● The problem:
Starting at the line that contains "Photo of property", write out every line through the end of the records exactly as it stands, and leave out all pictures.
*** Opening Dataset excerpts ***
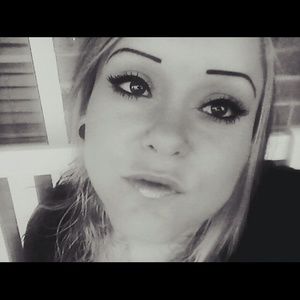 Meet your Posher, Janie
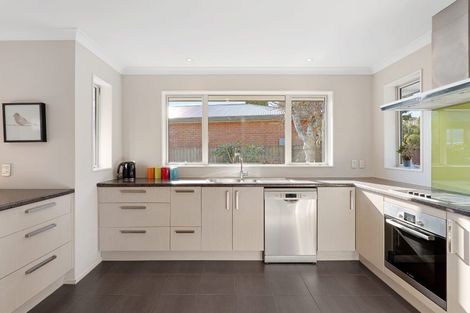 Photo of property in 103 Centaurus Road, Huntsbury, Christchurch, 8022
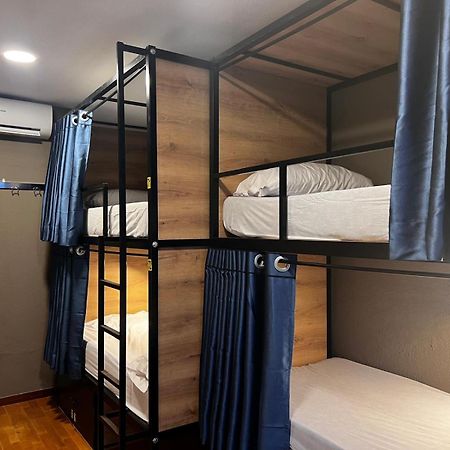 Hostel Estrella 20 Мадрид Экстерьер фото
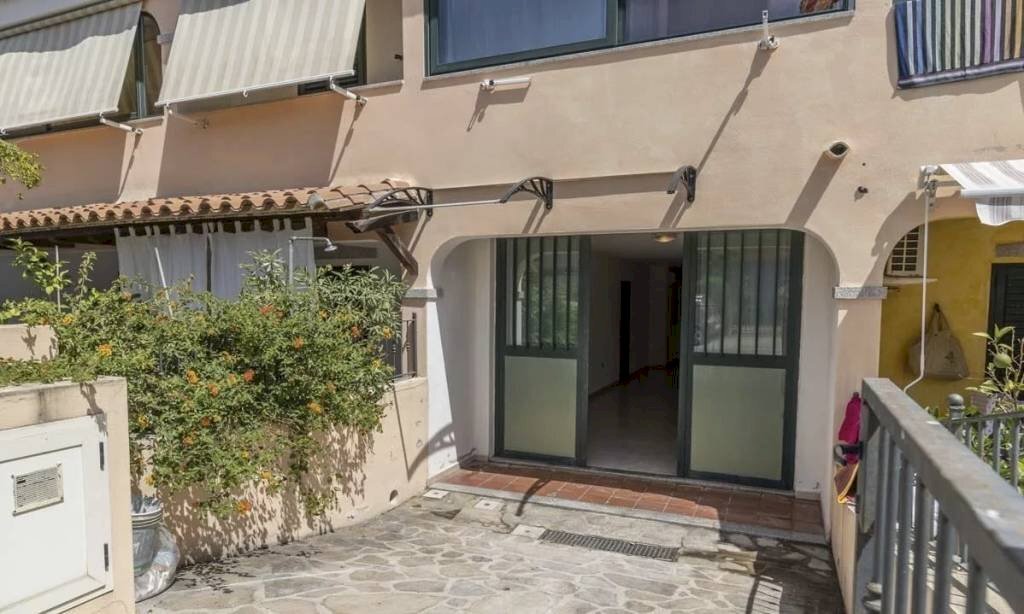 Three-room apartment Budoni - photo 1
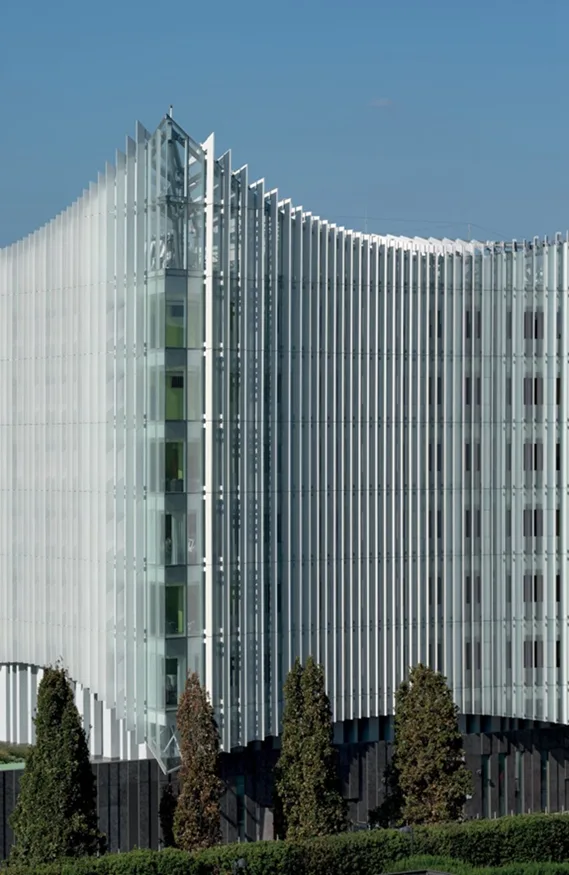 BIM建筑|马里奥·库奇内拉设计陶瓷片覆盖的米兰医院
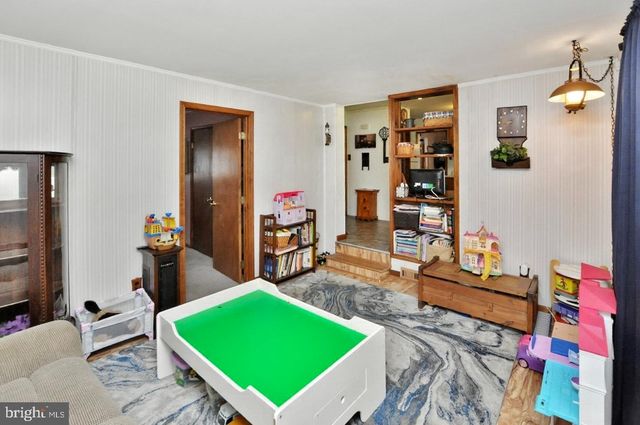 400 S ARTHUR DR, Edgewater Park, NJ 08010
*** Closing Dataset excerpts ***
● Task response:
 Photo of property in 103 Centaurus Road, Huntsbury, Christchurch, 8022
 Hostel Estrella 20 Мадрид Экстерьер фото
 Three-room apartment Budoni - photo 1
 BIM建筑|马里奥·库奇内拉设计陶瓷片覆盖的米兰医院
 400 S ARTHUR DR, Edgewater Park, NJ 08010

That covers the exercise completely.